As I have posted about before, it's always an emotional rollercoaster. Being along with yourself, with your body, is a pretty big deal. Certain stretches can make you feel extremes of emotion. And the teacher is wonderful at discussing the philosophy.
Tonight she talked about what she likes most about restorative. She said, roughly, that she liked the act of setting up the props as a symbol for setting up a place to heal. You get into the poses, and you don't have to be actively engaging all the time. The props help you in that way. The point of restorative, she says, is to be able to receive. Being open to receive what others, or the universe, offers you for healing.
This is the prayer we say at the end:
May the entire universe be filled with peace and joy, love and light.
May the light of truth overcome all darkness. Victory to that light.
As we pull around to the fall, to when I started chemo and started blogging, I have been thinking a lot about the story of this. The arc of it. Life doesn't occur in the neat arc format you learn in fiction class -- a steady plodding of desires and obstacles, leading to a crisis point, and finally softly landing in a denouement. In fact, this year has felt more like a series of crisis points, one after the other, with no free moments for taking stock.
The pink things have started appearing in the windows of pharmacies and grocery stores already. Pink arrives just after back-to-school is marked down, and as orange and black begin to haunt the aisles. It's a peculiar brand of insult to be hit up for cash by Komen as you buy cream to rub on your mastectomy scars. Because I'm over a year out from diagnosis, and this isn't close to over. The narrative they promise, the arbiters of pink, is one of strength and triumph. Cancer is a purifying fire, they tell you, and when we emerge (and we all do emerge) we are better, stronger, faster than before. We run races to prove it. We raise cash. We look pretty.
That's the story they tell, and perhaps it's to get you to buy more pink bags of chips or whatever the fuck. Or perhaps it's because the true story is just too sad and too scary, to gruesome, to stomach.
The truth is not that "We're all going to be okay!" as someone said in my support group once.
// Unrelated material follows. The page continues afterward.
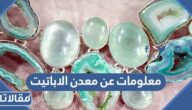 معلومات عن معدن الاباتيت واستخداماته المختلفة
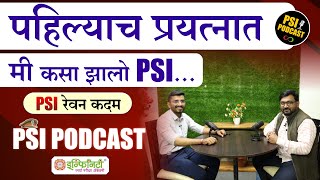 PSI revan kadam podcast  mpsc psi toppers  mpsc success story  psi 2023 toppers [upl. by Baalman]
The truth is not those sanitized sunny smiling women in the Komen/Estee Lauder/Revlon ads. You know the ones...the thought bubble above their heads practically reads, "I've got a life-threatening illness -- and doesn't it make my skin glow!"
The truth is that this fire destroys more than it cleanses, and rising from the ash is just for pheonixes and Daenerys Targaryen. The life lesson you learn isn't "Don't sweat the small stuff!" or "Don't move my cheese!" or whatever. It's "Don't get fucking cancer!"
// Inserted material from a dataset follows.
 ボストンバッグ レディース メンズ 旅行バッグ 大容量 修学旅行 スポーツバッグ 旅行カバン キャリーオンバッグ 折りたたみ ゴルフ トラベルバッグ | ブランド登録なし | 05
So what's my arc here? Impossible to say. An arc sort of implies an end, doesn't it? And this isn't over, and it won't be over for a very long time. Maybe not ever, until I die. You don't ever get to say you're cured of this disease. You're considered cured if you live your full expected lifespan, and die from something unrelated to cancer or it's treatment.
Ugh, I'm sorry, dear reader. I know this is a downer. It just makes me so angry that the company that makes Tamoxifen also makes carcinogenic pesticides (and the list goes on and on). And instead of screaming about it and demanding that they stop poisoning us, we're expected to wear pink and jog and talk about bravery. Because we're girls, I guess. And that's what we're supposed to do.